I'm in Wales – just. For the next two weeks I'll be staying at the UK's only residential library, Gladstone's Library in Hawarden, Flintshire; they have granted me 'writer in residence' status, and it's here that I will begin my next project, a short, non-fiction book about rain. I say 'just', because I'm only a little way over the border; the road from Chester, where I got out of the train, to Hawarden runs for a short way along it: "Wales on yer left, England on yer right," as my Scouse cabbie explained. Eventually we swung left. "Yer in Wales now, love."

I got the train north from London Euston yesterday. It poured with rain all day, and the view from the window was dim and grey. The fields looked waterlogged; many had standing water, and here and there it picked out the ghosts of medieval ridge-and-furrow that would otherwise be lost to the eye. In one pasture a new river had formed, winding like loops of molten silver – or perhaps it was an old one that had come briefly back to life. Yet the south-west, we hear, is far worse; large parts of the Somerset Levels are entirely underwater and have been for a month, with accusations flying about whose fault it is and what must now be done. And still the rain comes. When I slept, last night, I dreamed the world outside the beautiful Library building was a calm and endless sea.

It would be easy to bring that dream of isolation into being, to live here for a fortnight without venturing outside – it really is that beautiful and that self-sufficient. But I wanted to understand where I was and to locate myself in the landscape, so this morning I put my hood up and went for a walk in the grounds of Hawarden Castle.

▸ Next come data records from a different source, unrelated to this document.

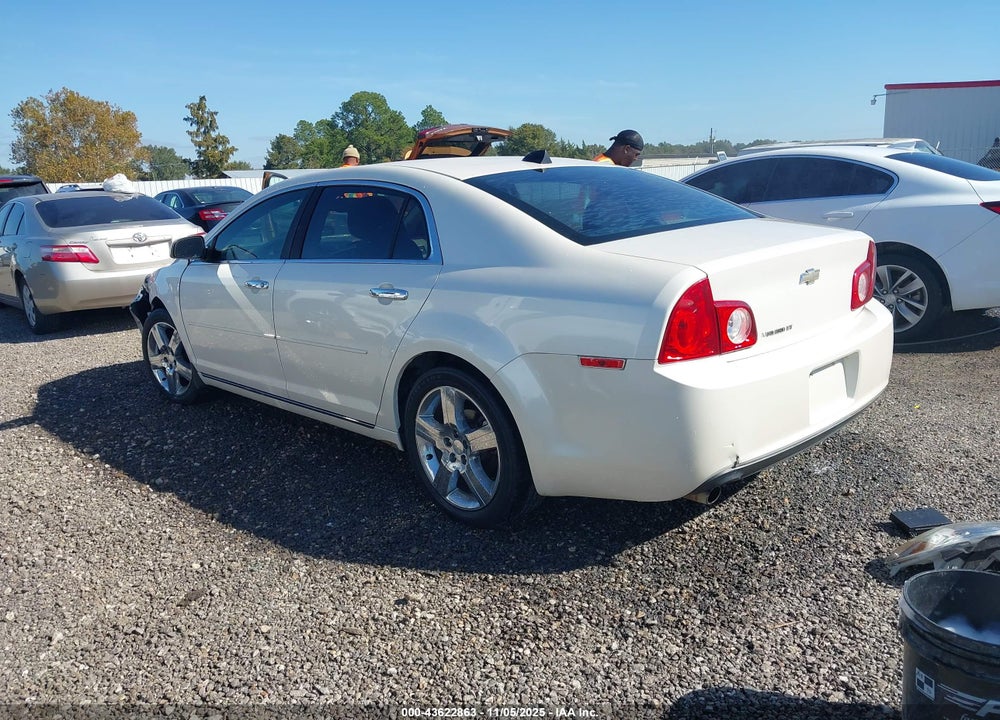 2012 CHEVROLET MALIBU 1LT VIN: 1G1ZC5E01CF228295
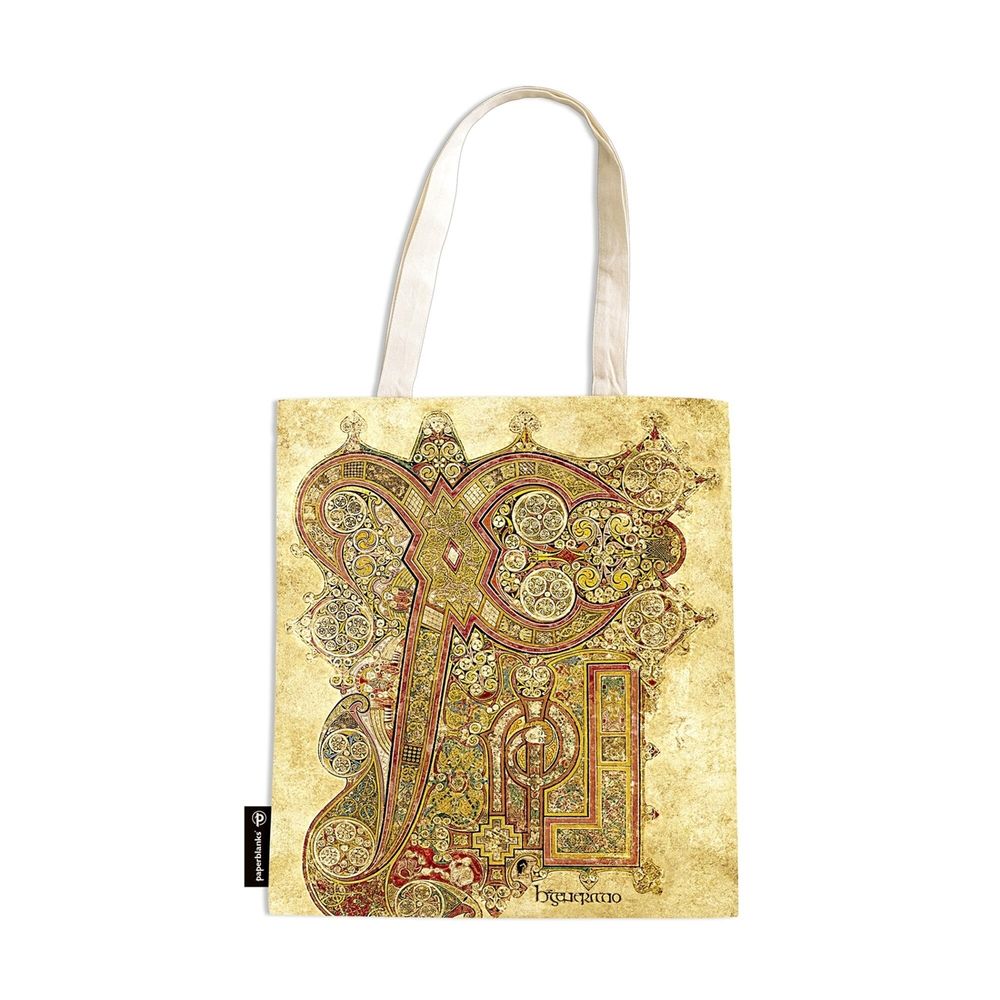 Generatio (The Book of Kells) Canvas Bag by Paperblanks - ISBN: 9780349724164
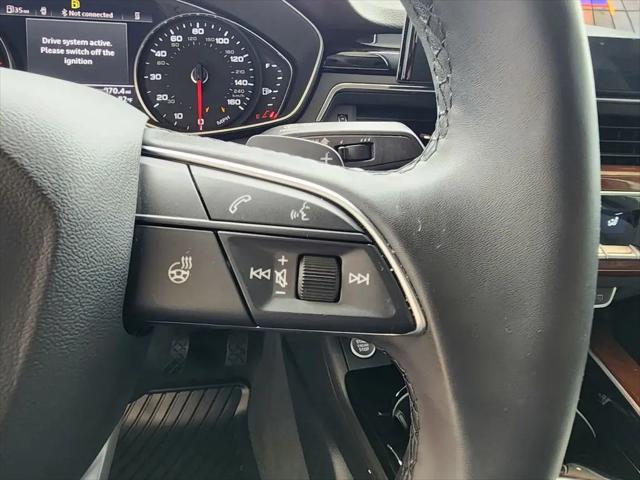 2024 Audi A4 Premium 40 TFSI quattro S tronic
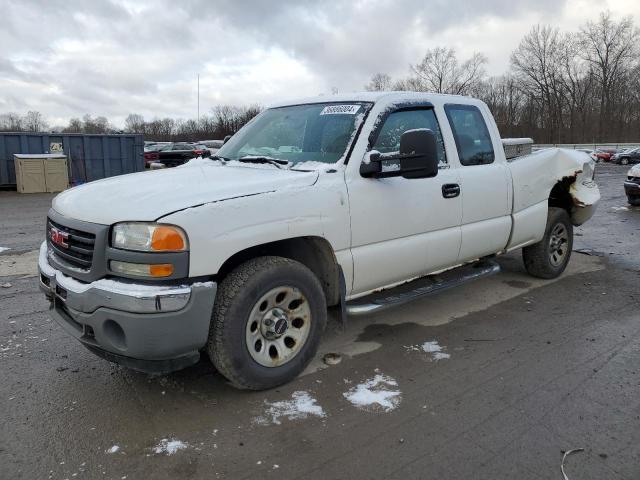 2006 GMC New Sierra 1500 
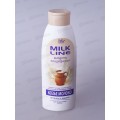 IRIS MILK LINE Шампунь-кондиционер для волос Козье молоко 500мл *10 IRIS MILK LINE Шампунь-кондиционер для волос Козье молоко 500мл *10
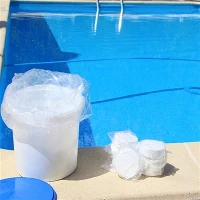 Acid triclorizocianuric pentru piscină 90% TCCA pulbere/granule 8-30plasă/tabletă TCCA 90%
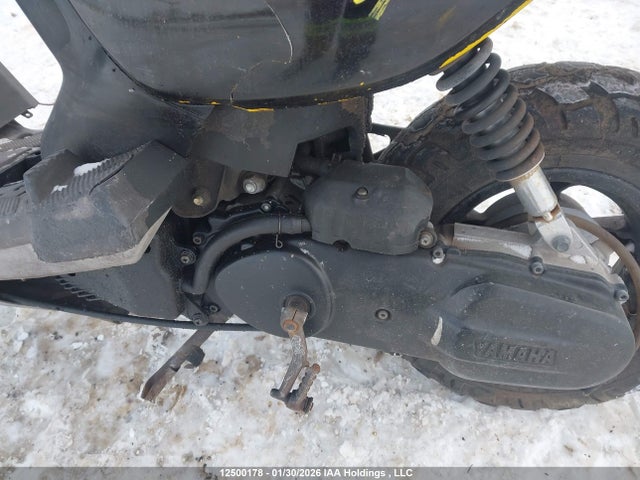 12500178 :رقم المزاد ، LPRSA20N79A844552 vin ، 2009 Yamaha Yw50 مزاد بيع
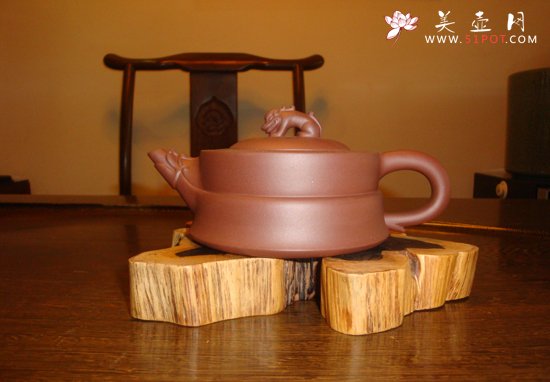 紫砂壶图片：御云龙 - 美壶网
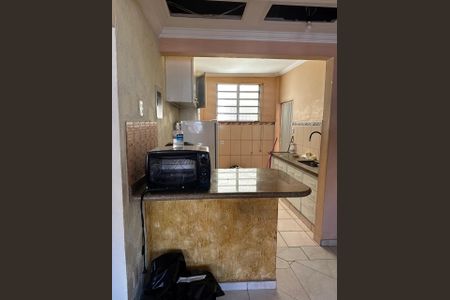 Cozinha de apartamento à venda com 3 quartos, 130m² em Centro, Campinas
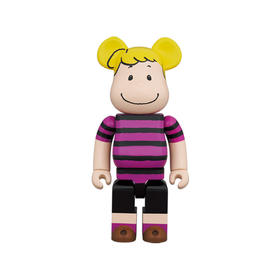 【预售】收藏系列 Be@rbrick 1000%系列 花生漫画 施罗德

I have a special permit from the Library that allows me to go into Bilberry (or 'Booberry') Woods, which are mostly mixed beech and sweet chestnut with some conifer. Pheasants squawked like rusty gates at my approach, and in the distance came the dull report of guns.

The woods were very wet. The dark trees dripped, and their trunks were green with algae. Everywhere the paths were thick with clinging mud. Where especially deep puddles had formed they had spread outwards like a bruise as people tried to find a firmer footing around it, churning the ground up more in the process. Here and there were stagnant pools lined with beech mast, and little rills were finding their own way between the trees. The sound of water was everywhere.

The Broughton brook flows through the wood and once powered a water mill, now a very beautiful ruin. Built in 1767 and used to grind corn, the huge, wooden undershot wheel is still in place, and there are tumbled cogs and millstones, too; you can see the sluice and remains of the millpond, too. As far as I can make out the last miller died in 1910.

This was cutting-edge technology in its day, and a brilliant use of the power of water. But somehow, in the last century, we've forgotten how to work with it; we build on flood plains, we let rivers silt up, we allow marshes to dry out. We think we can exclude water by the power of our wills – but water doesn't work like that, something our ancestors understood, but which we, with our greed and our strange modern amnesia, may well have to relearn.